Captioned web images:
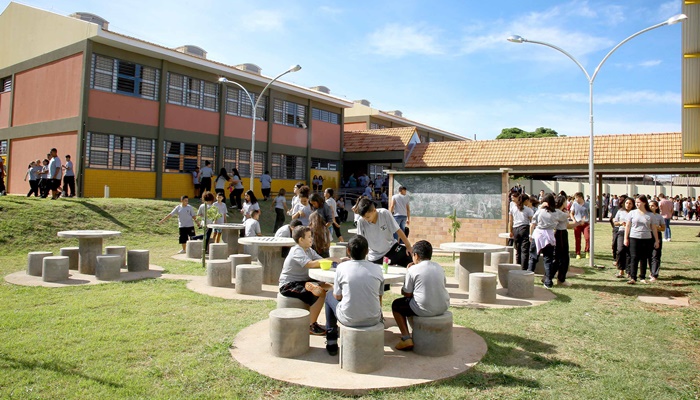  Alunos da rede estadual voltam às aulas nesta segunda-feira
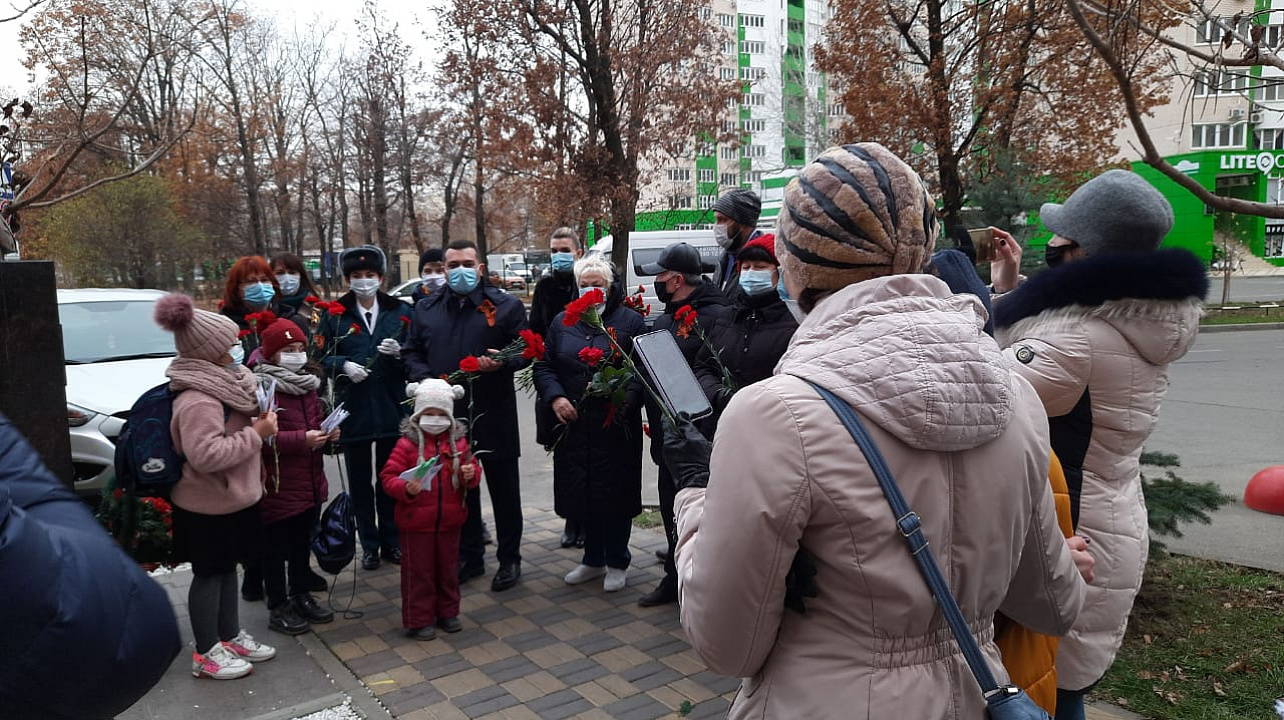 В Прикубанском округе прошли мероприятия ко Дню Героев Отечества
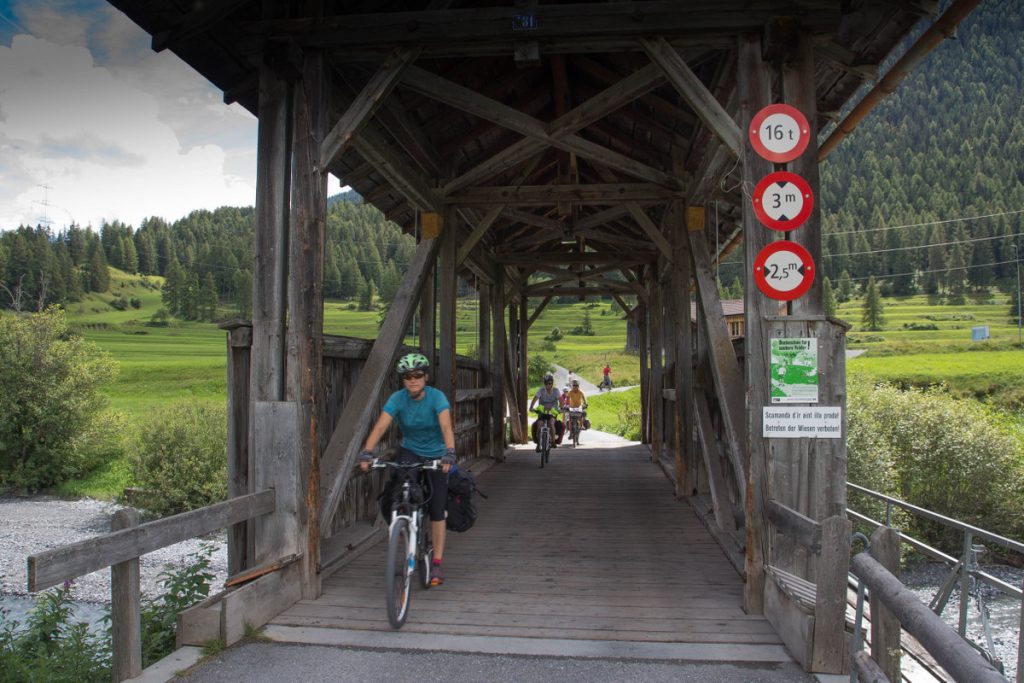 Inn Radweg - Un des innombrables pont de bois du parcours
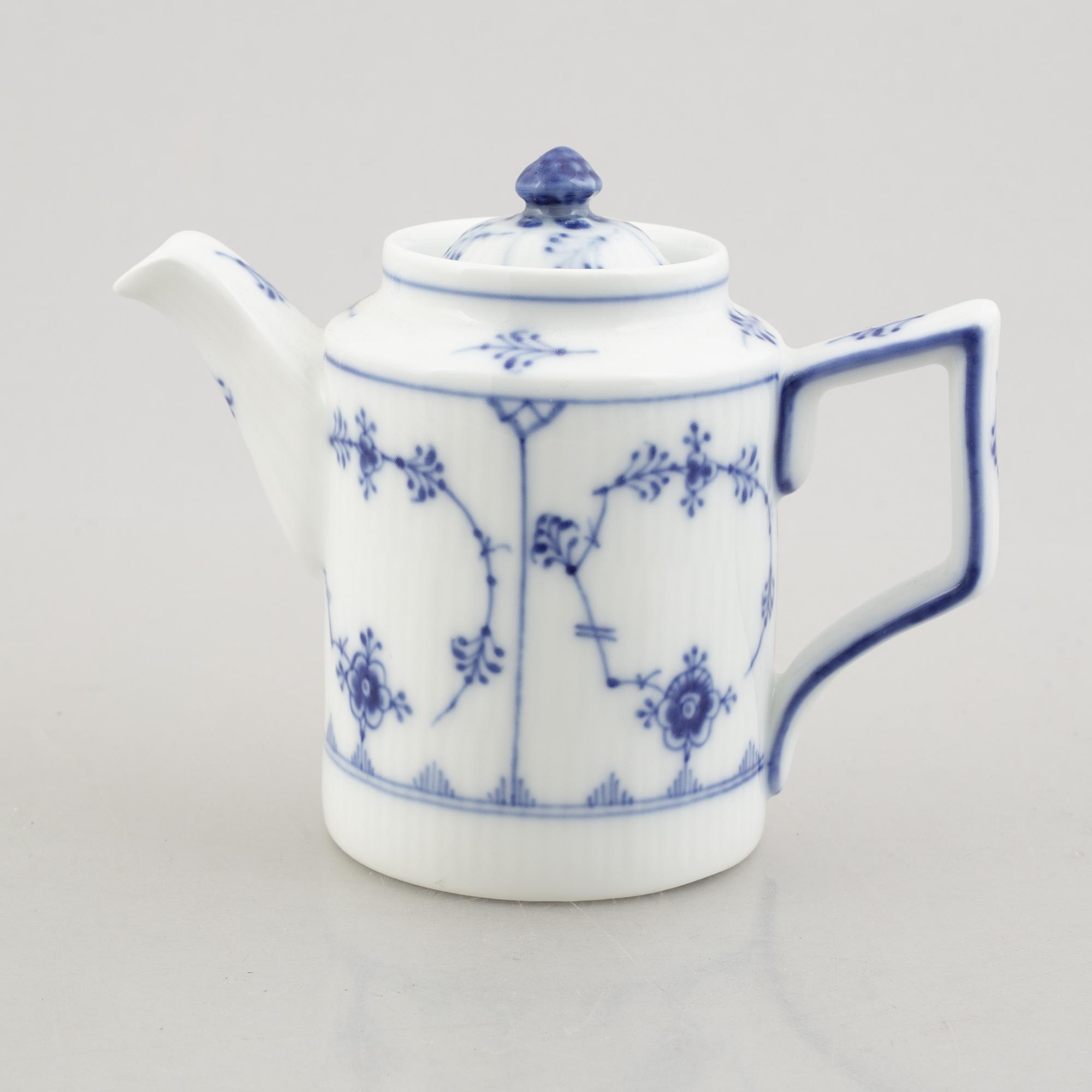 A "Blue fluted" / "Musselmalet" Coffee pot, ROyal Copenhagen, empire style, model 2065, 1898-1923.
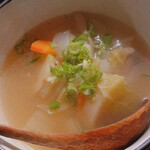 麺や すずらん亭 - けんちん汁
      湯気で曇ります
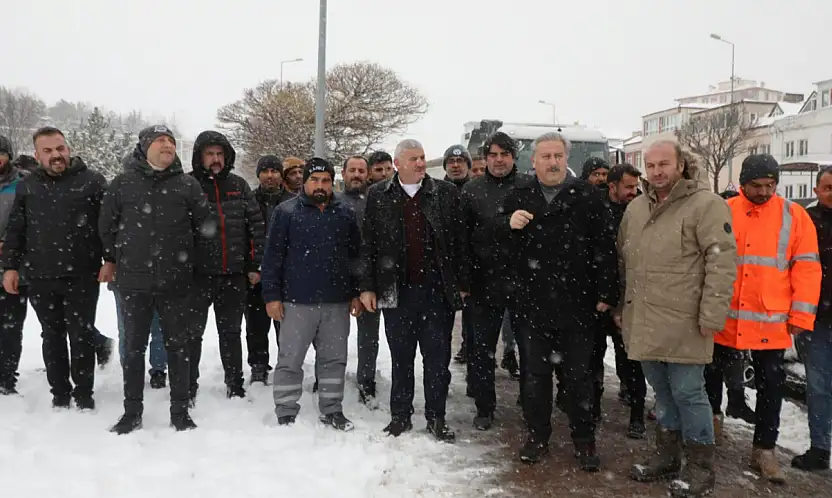 Melikgazi'de karla mücadele devam ediyor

- **Work order**
Print the data above exactly; drop every picture.

- **Solution below**
  Alunos da rede estadual voltam às aulas nesta segunda-feira
 В Прикубанском округе прошли мероприятия ко Дню Героев Отечества
 Inn Radweg - Un des innombrables pont de bois du parcours
 A "Blue fluted" / "Musselmalet" Coffee pot, ROyal Copenhagen, empire style, model 2065, 1898-1923.
 麺や すずらん亭 - けんちん汁
      湯気で曇ります
 Melikgazi'de karla mücadele devam ediyor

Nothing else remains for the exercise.